(Beginning of MATERIAL FOR THE TASK)

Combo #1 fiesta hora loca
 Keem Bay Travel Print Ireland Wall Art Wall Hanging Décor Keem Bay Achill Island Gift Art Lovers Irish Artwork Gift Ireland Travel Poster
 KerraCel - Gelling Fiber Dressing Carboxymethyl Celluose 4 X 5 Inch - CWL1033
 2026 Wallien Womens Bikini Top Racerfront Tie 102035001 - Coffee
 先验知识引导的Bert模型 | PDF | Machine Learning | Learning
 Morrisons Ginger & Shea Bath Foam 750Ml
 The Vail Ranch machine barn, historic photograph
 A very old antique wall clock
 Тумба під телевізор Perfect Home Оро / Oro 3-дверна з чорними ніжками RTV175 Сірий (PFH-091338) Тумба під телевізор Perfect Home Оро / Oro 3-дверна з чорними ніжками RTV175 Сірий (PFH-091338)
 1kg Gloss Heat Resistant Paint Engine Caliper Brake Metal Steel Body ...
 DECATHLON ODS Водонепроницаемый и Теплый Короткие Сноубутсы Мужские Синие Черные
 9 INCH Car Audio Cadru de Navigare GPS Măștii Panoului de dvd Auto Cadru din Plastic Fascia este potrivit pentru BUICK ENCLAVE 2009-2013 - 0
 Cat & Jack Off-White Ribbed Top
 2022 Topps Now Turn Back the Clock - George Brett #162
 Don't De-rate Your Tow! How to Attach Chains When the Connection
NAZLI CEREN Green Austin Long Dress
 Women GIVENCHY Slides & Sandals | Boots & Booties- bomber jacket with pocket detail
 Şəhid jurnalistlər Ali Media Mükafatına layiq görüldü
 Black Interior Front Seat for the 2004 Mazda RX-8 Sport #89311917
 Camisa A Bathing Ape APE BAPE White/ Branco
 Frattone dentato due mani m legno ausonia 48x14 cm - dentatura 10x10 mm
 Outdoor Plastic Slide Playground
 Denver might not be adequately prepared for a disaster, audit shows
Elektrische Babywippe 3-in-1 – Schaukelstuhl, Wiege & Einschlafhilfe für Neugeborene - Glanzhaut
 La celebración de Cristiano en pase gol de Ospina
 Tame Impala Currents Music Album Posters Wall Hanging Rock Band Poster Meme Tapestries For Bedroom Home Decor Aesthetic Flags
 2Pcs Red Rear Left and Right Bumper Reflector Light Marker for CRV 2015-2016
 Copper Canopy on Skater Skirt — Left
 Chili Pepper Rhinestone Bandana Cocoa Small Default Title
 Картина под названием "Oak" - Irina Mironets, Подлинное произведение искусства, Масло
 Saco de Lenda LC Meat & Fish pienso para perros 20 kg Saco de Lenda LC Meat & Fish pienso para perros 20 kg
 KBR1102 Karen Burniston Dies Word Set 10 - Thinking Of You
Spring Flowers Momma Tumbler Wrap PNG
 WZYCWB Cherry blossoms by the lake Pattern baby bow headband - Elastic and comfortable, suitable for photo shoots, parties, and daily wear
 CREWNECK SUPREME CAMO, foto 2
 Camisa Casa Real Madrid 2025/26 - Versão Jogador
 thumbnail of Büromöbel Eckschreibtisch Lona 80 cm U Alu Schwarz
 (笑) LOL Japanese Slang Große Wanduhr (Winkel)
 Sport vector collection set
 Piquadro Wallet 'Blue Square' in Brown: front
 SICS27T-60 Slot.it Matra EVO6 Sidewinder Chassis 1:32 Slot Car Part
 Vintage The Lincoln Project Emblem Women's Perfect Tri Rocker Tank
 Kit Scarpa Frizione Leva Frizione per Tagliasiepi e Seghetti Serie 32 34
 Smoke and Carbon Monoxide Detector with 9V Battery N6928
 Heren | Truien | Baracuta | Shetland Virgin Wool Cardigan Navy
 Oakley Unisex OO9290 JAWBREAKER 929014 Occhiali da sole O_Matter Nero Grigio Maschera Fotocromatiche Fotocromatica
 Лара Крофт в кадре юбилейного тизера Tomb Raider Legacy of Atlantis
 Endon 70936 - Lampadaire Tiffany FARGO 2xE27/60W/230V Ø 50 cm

(End of MATERIAL FOR THE TASK)

Set out, exactly as written, the lines from the line with "Piquadro Wallet 'Blue" to the last line of the records, inclusive, and only those lines.

EXERCISE ANSWER:
 Piquadro Wallet 'Blue Square' in Brown: front
 SICS27T-60 Slot.it Matra EVO6 Sidewinder Chassis 1:32 Slot Car Part
 Vintage The Lincoln Project Emblem Women's Perfect Tri Rocker Tank
 Kit Scarpa Frizione Leva Frizione per Tagliasiepi e Seghetti Serie 32 34
 Smoke and Carbon Monoxide Detector with 9V Battery N6928
 Heren | Truien | Baracuta | Shetland Virgin Wool Cardigan Navy
 Oakley Unisex OO9290 JAWBREAKER 929014 Occhiali da sole O_Matter Nero Grigio Maschera Fotocromatiche Fotocromatica
 Лара Крофт в кадре юбилейного тизера Tomb Raider Legacy of Atlantis
 Endon 70936 - Lampadaire Tiffany FARGO 2xE27/60W/230V Ø 50 cm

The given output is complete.